Personal information
- Full name: Gabriel Rafael Mendoza Ibarra
- Date of birth: 22 May 1968 (age 58)
- Place of birth: Graneros, Chile
- Height: 1.73 m (5 ft 8 in)
- Position: Right-back

Senior career*
- Years: Team / Apps / (Gls)
- 1986–1990: O'Higgins / 78 / (4)
- 1991–1996: Colo-Colo / 163 / (6)
- 1997: São Paulo / 17 / (0)
- 1998–1999: Tigres UANL / 19 / (1)
- 2000: Santiago Wanderers / 25 / (0)
- 2001: Colo-Colo / 13 / (1)
- 2001: Shandong Luneng / 6 / (0)
- 2002: Santiago Morning / 17 / (0)

International career
- 1991–1997: Chile / 36 / (1)

= Gabriel Mendoza =

Chilean footballer (born 1968)

Gabriel Rafael Mendoza Ibarra (born 22 May 1968), commonly known as Coca Mendoza, is a Chilean former professional footballer who played as a right-back and central midfielder.

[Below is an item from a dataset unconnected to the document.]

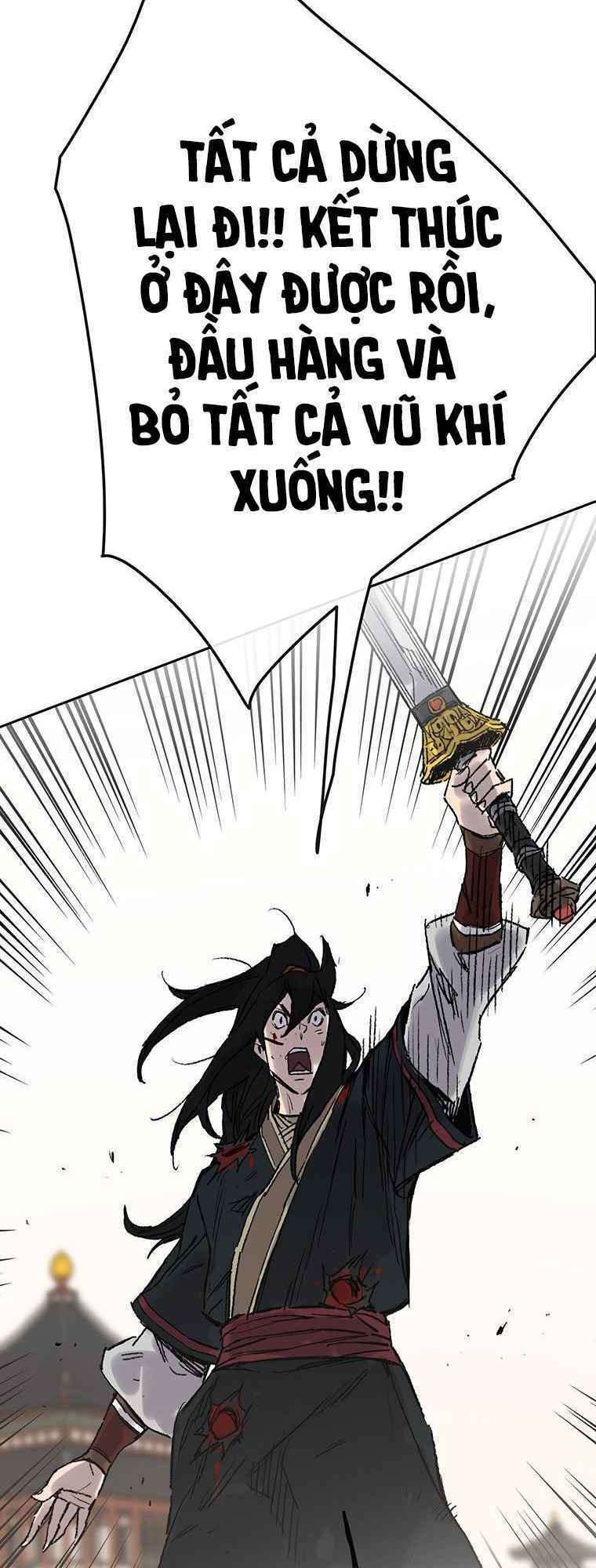 Tiên Kiếm Bất Bại Chap 82 - Next Chap 83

Mendoza was member of Colo-Colo's historic squad that achieved 1991 Copa Libertadores.

==Playing career==
Mendoza was born in Graneros. He arrived to Colo-Colo, after of made a recognized season with O'Higgins. In the Cacique, he immediately was won the position of right back in the squad of the coach Mirko Jozic, European style assiduously defensive, but with very vertigo in the sidebands.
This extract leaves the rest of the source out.